# Washer vs Disk Method

• Jun 20th 2014, 03:00 PM
Jason76
Washer vs Disk Method
How can I tell which to use (to find volume) without seeing a graph or graphing a bunch of points? Is it possible to look at the x or y intercept?

In another scenario, what if it said the graph should be revolved around y = 10. However, in this case finding a x intercept wouldn't work. How could you tell algebraically if the graph touched y = 10, or not?

$y = 5e^{-x}$

$y = 5$

about y = 10, but we don't know if it touches the y = 10 (part of the x axis).

Area $= 5e^{-x} - 5$
• Jun 20th 2014, 08:32 PM
Prove It
Re: Washer vs Disk Method
In some cases you just have to try both ways and see which way works.

I don't understand your other question.
• Jun 21st 2014, 06:45 AM
HallsofIvy
Re: Washer vs Disk Method
The washer and disk methods are basically the same. Strictly speaking you should only use the "disk" method when you have a full "disk". That is, the area being rotated around the disk goes all the way to the axis of rotation.

Example: find the volume of the solid generated by rotating the area between the curve $y= 4- x^2$ and the x-axis ( $y= 0$) around the x-axis.
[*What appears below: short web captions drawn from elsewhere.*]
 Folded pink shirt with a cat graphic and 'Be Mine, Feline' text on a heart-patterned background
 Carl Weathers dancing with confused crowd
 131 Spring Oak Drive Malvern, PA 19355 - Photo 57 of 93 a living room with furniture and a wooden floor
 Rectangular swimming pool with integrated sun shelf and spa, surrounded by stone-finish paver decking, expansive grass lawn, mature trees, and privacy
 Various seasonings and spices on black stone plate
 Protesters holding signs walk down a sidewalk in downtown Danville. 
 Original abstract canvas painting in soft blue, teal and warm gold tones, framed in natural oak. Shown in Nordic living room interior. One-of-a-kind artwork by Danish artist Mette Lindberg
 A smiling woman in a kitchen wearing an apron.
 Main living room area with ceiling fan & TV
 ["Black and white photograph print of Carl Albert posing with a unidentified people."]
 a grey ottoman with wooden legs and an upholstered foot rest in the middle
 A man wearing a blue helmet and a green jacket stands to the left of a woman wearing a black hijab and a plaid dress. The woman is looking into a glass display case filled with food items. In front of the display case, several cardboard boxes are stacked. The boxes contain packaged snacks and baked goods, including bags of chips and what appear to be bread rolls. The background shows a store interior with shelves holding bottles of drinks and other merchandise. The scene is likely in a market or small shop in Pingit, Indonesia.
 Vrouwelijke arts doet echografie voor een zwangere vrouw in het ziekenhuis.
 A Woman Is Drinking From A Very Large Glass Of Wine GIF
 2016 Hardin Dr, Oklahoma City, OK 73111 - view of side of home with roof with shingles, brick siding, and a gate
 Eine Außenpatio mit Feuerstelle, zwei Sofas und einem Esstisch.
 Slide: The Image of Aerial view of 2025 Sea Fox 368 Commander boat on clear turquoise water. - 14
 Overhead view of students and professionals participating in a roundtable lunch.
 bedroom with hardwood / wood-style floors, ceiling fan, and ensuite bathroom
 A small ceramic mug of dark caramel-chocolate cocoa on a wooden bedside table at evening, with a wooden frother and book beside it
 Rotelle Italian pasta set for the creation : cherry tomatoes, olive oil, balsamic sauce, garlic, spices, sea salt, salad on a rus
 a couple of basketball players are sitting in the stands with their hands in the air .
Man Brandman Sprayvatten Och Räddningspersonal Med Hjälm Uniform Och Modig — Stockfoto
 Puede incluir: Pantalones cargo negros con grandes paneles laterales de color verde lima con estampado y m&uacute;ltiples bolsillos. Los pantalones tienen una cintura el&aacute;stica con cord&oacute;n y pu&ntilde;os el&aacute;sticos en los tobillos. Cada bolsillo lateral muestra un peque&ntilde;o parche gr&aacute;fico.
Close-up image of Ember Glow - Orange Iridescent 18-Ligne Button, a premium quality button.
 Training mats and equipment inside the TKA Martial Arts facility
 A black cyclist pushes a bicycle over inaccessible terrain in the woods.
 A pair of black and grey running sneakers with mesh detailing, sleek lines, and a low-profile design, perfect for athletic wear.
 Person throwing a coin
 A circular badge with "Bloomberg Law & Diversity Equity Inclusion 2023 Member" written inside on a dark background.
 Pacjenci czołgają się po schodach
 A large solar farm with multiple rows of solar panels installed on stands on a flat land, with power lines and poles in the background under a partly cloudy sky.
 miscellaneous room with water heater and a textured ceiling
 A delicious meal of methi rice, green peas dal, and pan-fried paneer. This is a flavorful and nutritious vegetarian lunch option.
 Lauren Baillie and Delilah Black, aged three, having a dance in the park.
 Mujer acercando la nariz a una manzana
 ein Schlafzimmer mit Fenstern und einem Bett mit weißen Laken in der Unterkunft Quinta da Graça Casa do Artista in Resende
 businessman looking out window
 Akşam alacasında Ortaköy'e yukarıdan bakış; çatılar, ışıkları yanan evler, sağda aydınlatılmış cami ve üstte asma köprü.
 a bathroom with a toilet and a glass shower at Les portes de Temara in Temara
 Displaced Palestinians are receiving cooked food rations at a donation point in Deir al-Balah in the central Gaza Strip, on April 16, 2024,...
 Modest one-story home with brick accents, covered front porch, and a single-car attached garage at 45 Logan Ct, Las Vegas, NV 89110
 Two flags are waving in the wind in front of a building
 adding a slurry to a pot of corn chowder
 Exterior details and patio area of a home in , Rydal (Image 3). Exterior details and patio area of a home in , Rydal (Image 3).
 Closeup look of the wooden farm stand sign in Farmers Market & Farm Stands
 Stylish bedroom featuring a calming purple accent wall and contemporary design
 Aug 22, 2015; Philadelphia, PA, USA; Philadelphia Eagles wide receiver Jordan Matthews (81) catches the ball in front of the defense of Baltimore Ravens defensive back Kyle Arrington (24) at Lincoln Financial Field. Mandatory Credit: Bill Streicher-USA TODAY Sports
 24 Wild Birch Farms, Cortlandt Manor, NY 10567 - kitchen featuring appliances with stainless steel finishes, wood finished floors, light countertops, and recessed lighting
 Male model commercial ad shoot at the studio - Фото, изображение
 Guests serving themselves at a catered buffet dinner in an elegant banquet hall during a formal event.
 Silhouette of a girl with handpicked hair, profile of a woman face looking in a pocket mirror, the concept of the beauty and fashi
From any point on the x-axis, between x= -2 and x= 2, the entire line from the x-axis up to $y= 4- x^2$ is rotated and will form a full "disk". Use the disk method: a disk with radius $4- x^2$ will have area $\pi(4- x^2)^2$. If we take "dx" as the thickness, the disk will have volume $\pi(4- x^2)^2 dx$ so the entire volume is the integral $\pi \int_{-2}^2 (4- x^2)^2 dx$.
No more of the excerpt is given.